All Wings, no prayer

It's tough to say which was more reprehensible.

The so-called fans who cheered the sight of a woozy Tomas Holmstrom lying on the ice after he was slammed into the boards by Rob Niedermayer and Chris Pronger, or the Ducks' lack of perseverance and self-control when small doses of each might have turned the Western Conference finals in their favor.

The Ducks got what they deserved Tuesday in a 5-0 loss to the Red Wings. Their legs looked heavy, their energy fizzled after their early pressure went unrewarded and their composure fractured too easily.

Teemu Selanne was invisible -- again. He and his teammates used none of the speed, size and skill that are their strongest assets.

Worst of all, they didn't use their heads.

"We weren't disciplined at anything," center Ryan Getzlaf said. "We weren't disciplined at playing our system or anything else."

Detroit took a 2-1 series lead and regained home-ice advantage with a rout that emptied the Honda Center long before the final buzzer mercifully sounded. The Red Wings can also look forward to the possibility of Pronger being suspended by the NHL for his part in the tag-team slam of Holmstrom, even though Niedermayer paid the immediate price in the form of a five-minute boarding penalty and automatic game misconduct.
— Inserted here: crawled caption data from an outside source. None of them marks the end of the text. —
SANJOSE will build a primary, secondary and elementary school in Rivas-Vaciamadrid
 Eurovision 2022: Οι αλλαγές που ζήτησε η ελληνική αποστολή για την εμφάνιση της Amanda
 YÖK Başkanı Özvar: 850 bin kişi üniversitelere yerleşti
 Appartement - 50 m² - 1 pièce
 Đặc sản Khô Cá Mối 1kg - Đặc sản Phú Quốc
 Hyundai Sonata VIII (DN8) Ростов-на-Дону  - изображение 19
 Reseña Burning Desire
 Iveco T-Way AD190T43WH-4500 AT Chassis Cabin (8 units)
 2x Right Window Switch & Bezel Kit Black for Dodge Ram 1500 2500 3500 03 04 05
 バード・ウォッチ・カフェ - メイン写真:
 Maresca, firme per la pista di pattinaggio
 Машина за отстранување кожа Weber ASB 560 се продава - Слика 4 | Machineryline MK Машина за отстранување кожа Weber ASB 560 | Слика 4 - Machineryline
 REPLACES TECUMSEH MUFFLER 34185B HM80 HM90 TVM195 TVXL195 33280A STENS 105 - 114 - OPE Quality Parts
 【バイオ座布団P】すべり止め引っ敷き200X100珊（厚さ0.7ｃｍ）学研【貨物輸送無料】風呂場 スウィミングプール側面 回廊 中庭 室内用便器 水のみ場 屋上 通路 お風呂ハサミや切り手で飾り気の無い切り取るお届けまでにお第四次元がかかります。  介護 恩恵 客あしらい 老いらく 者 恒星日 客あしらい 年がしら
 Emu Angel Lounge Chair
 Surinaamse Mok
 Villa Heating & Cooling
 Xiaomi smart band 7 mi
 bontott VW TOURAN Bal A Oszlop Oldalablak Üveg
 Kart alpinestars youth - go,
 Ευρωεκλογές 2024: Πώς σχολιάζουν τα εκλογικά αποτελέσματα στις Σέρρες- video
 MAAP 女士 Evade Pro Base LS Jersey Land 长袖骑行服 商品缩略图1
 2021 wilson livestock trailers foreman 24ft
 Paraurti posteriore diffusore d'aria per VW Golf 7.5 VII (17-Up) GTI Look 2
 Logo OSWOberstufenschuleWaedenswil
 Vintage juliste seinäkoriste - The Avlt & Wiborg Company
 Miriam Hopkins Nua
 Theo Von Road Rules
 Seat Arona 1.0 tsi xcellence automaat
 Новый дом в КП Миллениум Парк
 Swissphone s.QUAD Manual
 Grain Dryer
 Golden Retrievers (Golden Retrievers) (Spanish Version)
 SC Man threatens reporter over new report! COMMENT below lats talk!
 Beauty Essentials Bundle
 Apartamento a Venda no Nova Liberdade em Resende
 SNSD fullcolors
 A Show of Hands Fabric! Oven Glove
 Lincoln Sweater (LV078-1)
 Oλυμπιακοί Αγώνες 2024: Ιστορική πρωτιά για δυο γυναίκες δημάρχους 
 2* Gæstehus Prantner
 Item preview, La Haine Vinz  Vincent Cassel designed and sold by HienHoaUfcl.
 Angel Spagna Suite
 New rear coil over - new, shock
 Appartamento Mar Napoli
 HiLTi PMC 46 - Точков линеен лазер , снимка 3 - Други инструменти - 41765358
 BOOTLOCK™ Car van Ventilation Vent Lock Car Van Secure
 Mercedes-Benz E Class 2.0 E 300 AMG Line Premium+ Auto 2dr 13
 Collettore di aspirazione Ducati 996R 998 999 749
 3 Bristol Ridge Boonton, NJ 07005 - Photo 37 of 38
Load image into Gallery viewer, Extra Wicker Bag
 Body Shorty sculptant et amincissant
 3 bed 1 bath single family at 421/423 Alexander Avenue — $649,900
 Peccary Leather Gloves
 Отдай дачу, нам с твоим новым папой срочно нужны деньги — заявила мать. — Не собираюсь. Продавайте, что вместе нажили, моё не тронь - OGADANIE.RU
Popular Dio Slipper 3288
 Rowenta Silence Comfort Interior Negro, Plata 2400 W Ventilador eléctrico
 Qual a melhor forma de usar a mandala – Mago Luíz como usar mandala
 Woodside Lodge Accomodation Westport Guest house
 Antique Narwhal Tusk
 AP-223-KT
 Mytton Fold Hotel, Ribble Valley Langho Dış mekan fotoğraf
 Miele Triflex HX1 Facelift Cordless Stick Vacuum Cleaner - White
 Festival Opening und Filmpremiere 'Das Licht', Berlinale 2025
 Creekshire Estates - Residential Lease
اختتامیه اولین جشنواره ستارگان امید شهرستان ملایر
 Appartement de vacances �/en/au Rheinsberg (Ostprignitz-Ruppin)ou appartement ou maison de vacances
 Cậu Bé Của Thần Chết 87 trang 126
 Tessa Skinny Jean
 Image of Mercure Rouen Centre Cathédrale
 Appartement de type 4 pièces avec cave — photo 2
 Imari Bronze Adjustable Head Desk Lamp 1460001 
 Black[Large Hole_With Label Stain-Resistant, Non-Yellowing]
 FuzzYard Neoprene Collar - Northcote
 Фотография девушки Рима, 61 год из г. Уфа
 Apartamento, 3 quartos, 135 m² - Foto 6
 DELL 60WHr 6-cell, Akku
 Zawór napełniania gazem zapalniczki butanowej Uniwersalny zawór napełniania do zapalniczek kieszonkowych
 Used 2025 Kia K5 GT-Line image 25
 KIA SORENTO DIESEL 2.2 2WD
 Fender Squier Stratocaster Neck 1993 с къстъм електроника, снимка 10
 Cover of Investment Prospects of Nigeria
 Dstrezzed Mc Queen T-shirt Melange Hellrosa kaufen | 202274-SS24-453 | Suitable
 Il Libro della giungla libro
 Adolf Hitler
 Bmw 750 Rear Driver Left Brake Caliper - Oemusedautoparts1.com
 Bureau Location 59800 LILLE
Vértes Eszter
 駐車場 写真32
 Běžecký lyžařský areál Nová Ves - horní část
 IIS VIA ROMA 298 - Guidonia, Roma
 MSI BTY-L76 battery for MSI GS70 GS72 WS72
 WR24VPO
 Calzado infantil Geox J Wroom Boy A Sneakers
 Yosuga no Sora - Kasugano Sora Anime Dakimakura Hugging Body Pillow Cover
Any hit can be reviewed by the NHL regardless of whether a penalty was called. The league's crackdown this season against hits to the head makes it likely that the Pronger-Niedermayer crunch -- which occurred when the Ducks were trailing, 4-0, in the second period -- will be re-examined and that one or both will be banished for a game or two.

The Red Wings smartly declined to say anything incendiary. Players who recall what they did on the third shift of their second day of junior hockey couldn't remember what happened when the two Ducks sandwiched Holmstrom. They also wouldn't say whether a suspension was warranted.

"I have to look at the video," said Holmstrom, who had an egg-shaped bump on his right temple in addition to 13 stitches. "I think I had two guys on me. I fell into the boards and got hit again. I never see the guy come from behind."

Defenseman Nicklas Lidstrom said he "really couldn't see" the hit, which took place in the Ducks' zone. All he could be sure of, he said, was that "it looked like Niedermayer came from far out in the middle of the ice with a lot of speed when he hit him."